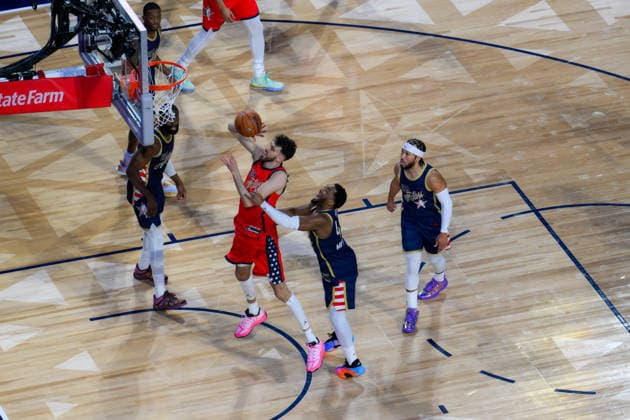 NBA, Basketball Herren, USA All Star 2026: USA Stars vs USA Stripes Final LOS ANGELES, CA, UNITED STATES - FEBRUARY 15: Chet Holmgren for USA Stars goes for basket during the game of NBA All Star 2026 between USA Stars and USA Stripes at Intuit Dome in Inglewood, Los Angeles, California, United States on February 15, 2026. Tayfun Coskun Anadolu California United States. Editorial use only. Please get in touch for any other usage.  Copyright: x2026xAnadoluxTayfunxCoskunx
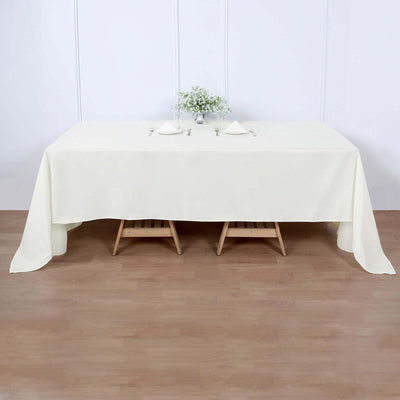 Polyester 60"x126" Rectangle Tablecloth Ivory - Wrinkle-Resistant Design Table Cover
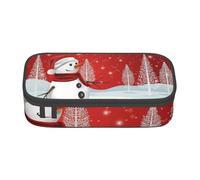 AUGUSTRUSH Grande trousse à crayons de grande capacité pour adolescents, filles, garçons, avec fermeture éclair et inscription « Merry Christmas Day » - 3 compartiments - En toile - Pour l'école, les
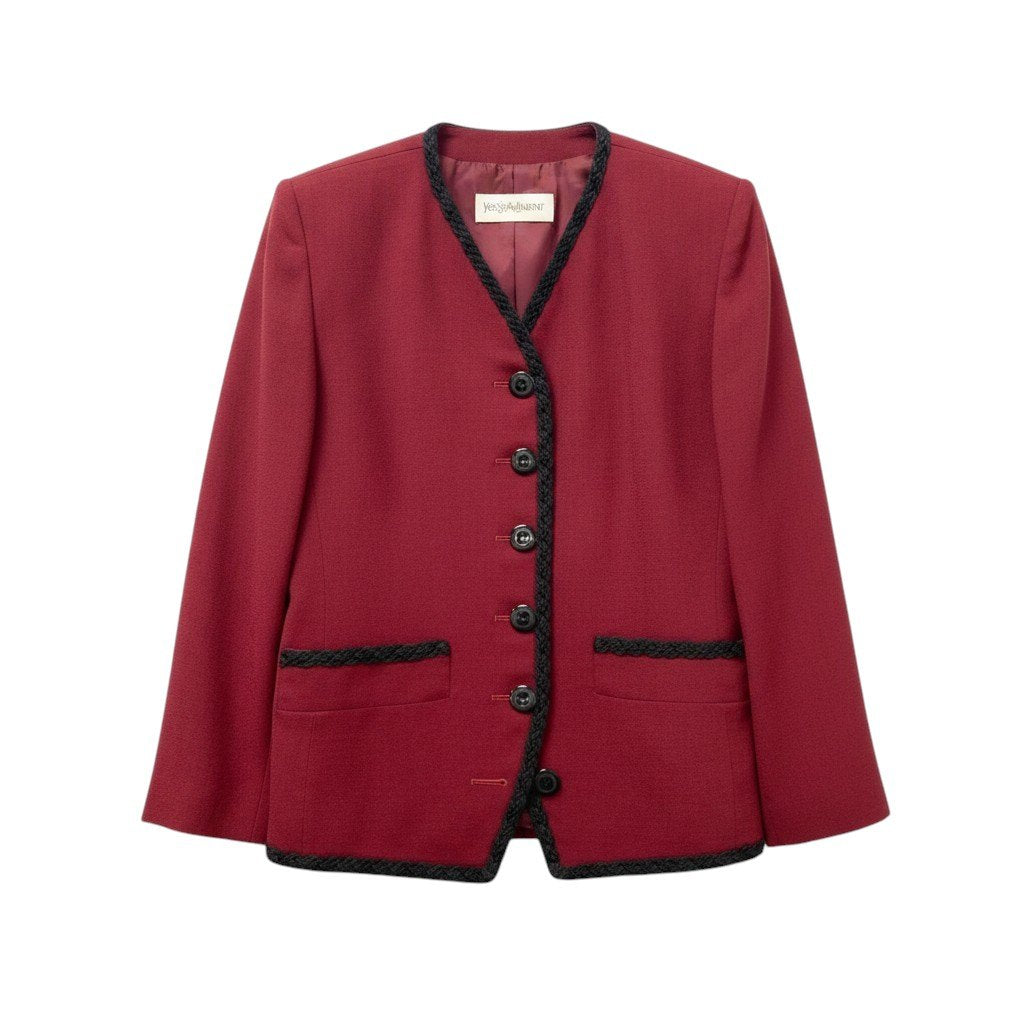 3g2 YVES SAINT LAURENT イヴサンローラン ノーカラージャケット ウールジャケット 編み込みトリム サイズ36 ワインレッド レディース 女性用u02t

### Instructions to follow
In the listing above, find the line holding "Design Table Cover" and the line holding "AUGUSTRUSH Grande trousse". Reproduce those two lines and all between them exactly, leaving out pictures.

### Result below
 Polyester 60"x126" Rectangle Tablecloth Ivory - Wrinkle-Resistant Design Table Cover
 AUGUSTRUSH Grande trousse à crayons de grande capacité pour adolescents, filles, garçons, avec fermeture éclair et inscription « Merry Christmas Day » - 3 compartiments - En toile - Pour l'école, les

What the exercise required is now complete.